UPDATE 4:58 P.M.: Following initial publication this report, Schumer spokeswoman Meredith Kelly told the Washington Free Beacon in an email that the senator "plans to co-sponsor Sen. Menendez’s new sanction legislation when it is introduced."
Kelly did not respond to subsequent questions about why Schumer had not already signed on to co-sponsor the legislation, which has been public and in the works for months. Kelly did not specify if Schumer would sign onto the legislation that will be up for a vote in the Senate Banking Committee later this week, which Menendez may not back.
Sen. Mark Kirk (R., Ill.) is poised to file new Iran sanctions legislation on Monday with or without the support of key Democrats who have backed the bill in the past, including Sens. Robert Menendez (D., N.J.) and Chuck Schumer (D., N.Y.), according to sources familiar with the ongoing negotiations.
New sanctions on Iran have become a political hot-button issue on Capitol Hill in recent weeks, with the White House and top Democrats launching a full-court press to prevent the bill from coming to a vote.
President Barack Obama has already vowed to veto the legislation if it passes, citing concerns that Iran will abandon negotiations with the United States over its contested nuclear program.

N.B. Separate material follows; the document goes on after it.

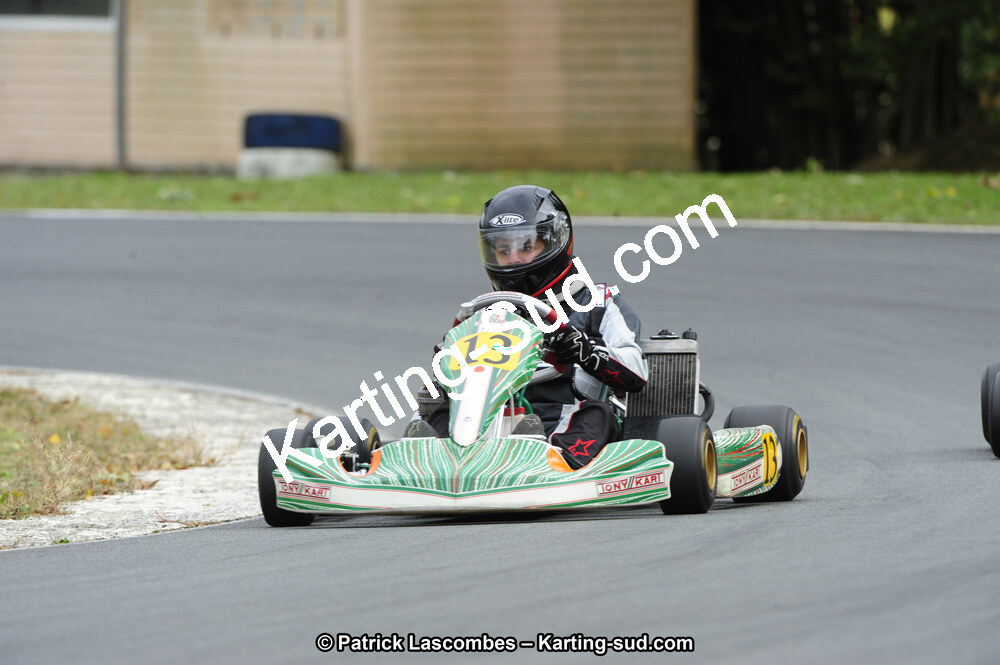 13/10/2013 : Trophée Ufolep Kart Aquitaine à Layrac (Photos Patrick Lascombes) 2013 — karting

The White House’s aggressive campaign to derail the bill appears to be bearing fruit.
Menendez, the Senate Foreign Relations Committee’s ranking member and key Democratic voice backing new sanctions, is now hinting that he may rally Democrats to delay a vote until March.
Meanwhile, Schumer has signaled to reporters that he intends to "cosponsor the bill," though multiple attempts to confirm this information with his office were not returned. Schumer supported past versions of the sanctions bill that never came to a vote in the Democratic-controlled Senate.
When former Senate Majority Leader Harry Reid (D., Nev.) killed sanctions legislation last year, Schumer offered tough rhetoric in support of the bill.
"The bottom line is very simple. It’s pretty logical that it’s sanctions, tough sanctions that brought them to the table," he said in December 2013. "If they think they can ease up on the sanctions without getting rid of their nuclear capabilities, they’re– they’re going to do that. So we have to be tough."
However, now that new Majority Leader Mitch McConnell (R., Ky.) has promised a vote on the bill, Democrats such as Schumer have avoided speaking out.
Like Schumer, Menendez’s office also maintained radio silence when contacted Sunday and Monday about his support for the new sanctions bill.
Kirk’s office also declined to comment.
A source with the American Israel Public Affairs Committee (AIPAC), the nation’s most prominent pro-Israel lobbying outfit, confirmed that Kirk is "likely" to introduce the new sanctions bill Monday and that it will head to a vote in the Senate Banking Committee on Thursday.
AIPAC supports the sanctions legislation, according to the source.
Supporters of new sanctions argue that they are key to maintaining pressure on Iran and keeping the country negotiating in good faith. The bill, rather than immediately imposing new sanctions, would only become effective if the United States and Iran fail to reach a final deal by late March.
Sources familiar with the process said that timing is critical to ensure the sanctions are effective. If Menendez and other Democrats delay a vote on the bill until the end of March, senators will not be able to revive the legislation until April 13, when Congress returns to Washington after a two-week break.
This would effectively prevent the Senate from passing any new sanctions until talks with Iran are scheduled to end, a move that dampens the benefits of new penalties.
Menendez told The Hill that he would only introduce and back the bill "when he’s ready," leaving the door open for Kirk to go at it alone.
Menendez is said to be circulating a letter to fellow Democrats advocating in favor of delaying a vote on new sanctions.
It will not be entirely clear which senators are supporting the bill until an official list is released later this week.
One senior Senate aide complained that the chaotic situation with new sanctions is due to Obama’s missteps at the negotiating table with Iran.
"We of course wouldn't be having this discussion if this administration hadn't negotiated away its best card up front," the source said. "They shouldn't have lifted the sanctions before reaching a deal."
"If sanctions were what brought them to the table—and I think that's true—why remove the sanctions as soon as they get there, but before a deal?" the source asked. "They took a situation where they could have been negotiating from strength—holding a card the other side needed—to one of weakness. It should not have happened."
Senior State Department officials told Congress last week that the administration’s goal in talks is to delay Iran from producing a nuclear weapon by about a year. The White House is less interested in dismantling Iran’s program in full and has said that Tehran could retain some of its infrastructure to enrich uranium, the key component in a nuclear weapon.